| Qualification Type: | PhD |
|---|---|
| Location: | Kingston upon Hull |
| Funding for: | UK Students |
| Funding amount: | £21,196 |
| Hours: | Full Time, Part Time |
| Placed On: | 12th December 2025 |
|---|---|
| Closes: | 18th January 2026 |
Supervisor(s)
Enquiries email: livingwww@hull.ac.uk
Funding for: UK students
Subject areas
Project description
As the UK’s climate continues to change, its coasts are becoming increasingly dynamic and hazardous environments. The combined pressures of more frequent storm events and sea-level rise, linked to climate change, are increasing the risk of coastal landslides. These events, which are natural geological processes, tend to be sudden and often unpredictable, and their impacts on homes, agricultural land, infrastructure, and heritage assets can have profound social, economic, and cultural consequences. Entire communities can be displaced or affected by the ongoing anxiety of living with unstable cliffs and recurring landslip activity. As climate change accelerates these processes, there is a compelling need to address how communities can live with both the risk and the reality of coastal landslides.
Existing scientific datasets, such as those held by the British Geological Survey (BGS), provide valuable records of landslide events. However, they rely on landslides being reported to and recorded by the BGS and as such are not always comprehensive or systematic. Crucially, these datasets also lack the social and human stories that accompany the physical record of landslide occurrence. As a result, the lived experience of communities affected by coastal instability—how people remember, respond to, and adapt to these events—is often missing from discussions of coastal change.
This project addresses this gap. It seeks to bridge geological and social perspectives, situating coastal landslides within broader questions of how people live with water, risk, and change. By combining the BGS GeoCoast dataset with archival research and community-derived narratives, the project will produce a richer, more inclusive understanding of coastal landslide histories and their implications for resilience in the context of climate change.

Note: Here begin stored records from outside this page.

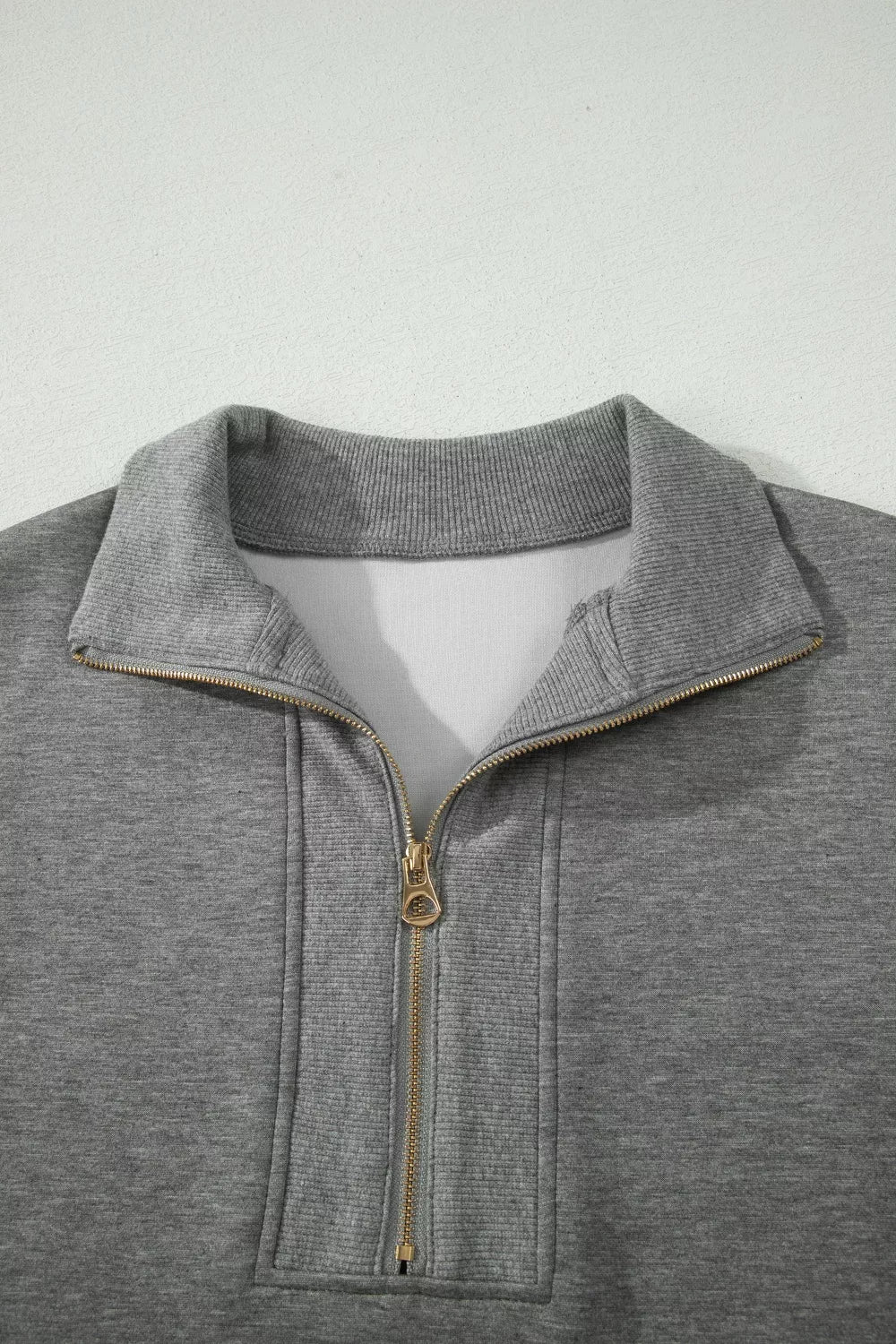 Chic dark gray half-zip polo sweatshirt with gold zipper detail and ribbed collar.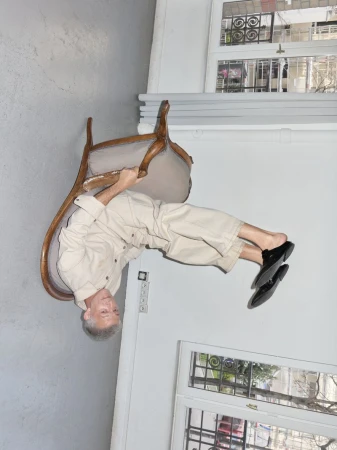 Mature adult balancing upside down on a chair indoors, wearing a beige outfit and black shoes, in front of a window.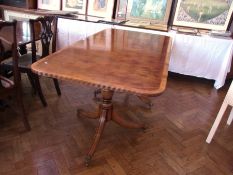 A Rackstraw reproduction yew wood double pedestal dining table with reeded border, on turned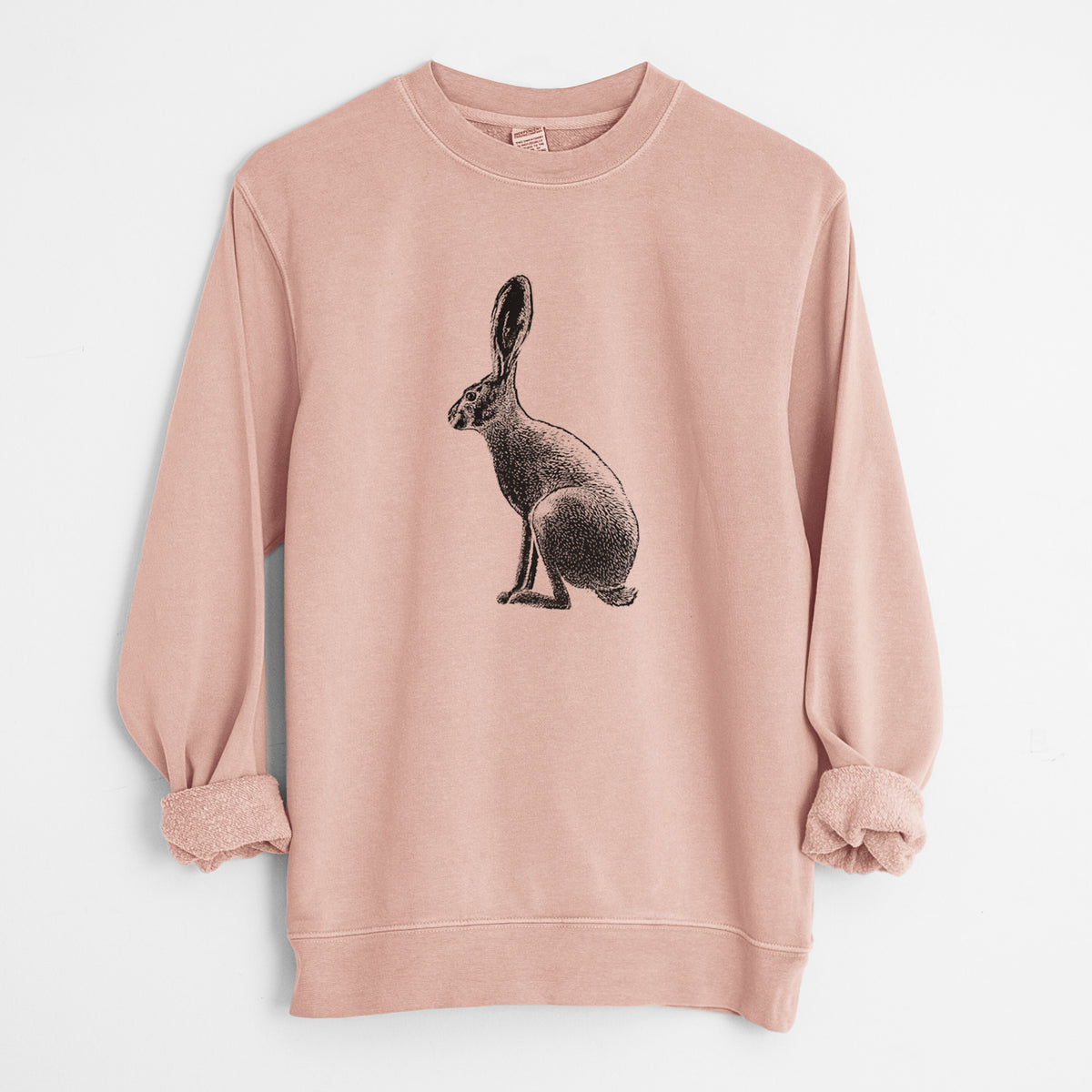 Dusty pink pigment dyed crewneck sweatshirt laid flat with the sleeves rolled, printed with a detailed black ink illustration of a black-tailed jackrabbit sitting in profile with tall ears.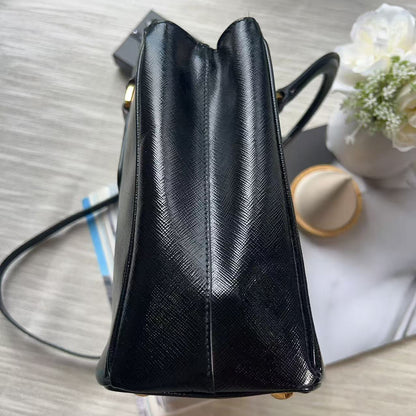 A black textured leather handbag shown from a top-down angle on a light wood surface, with a small vase of flowers and papers in the background.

By working across disciplinary boundaries, the project will demonstrate how scientific and cultural knowledge systems can be brought together to reimagine resilience. Coastal landslides, rather than being seen solely as destructive forces, can be understood as part of a broader dynamic between people, place, and environment—one that demands care, creativity, and collaboration. By integrating the scientific, historical, and social dimensions of coastal landslides, this project will contribute to building a more inclusive, adaptive, and empathetic approach to coastal resilience in the UK.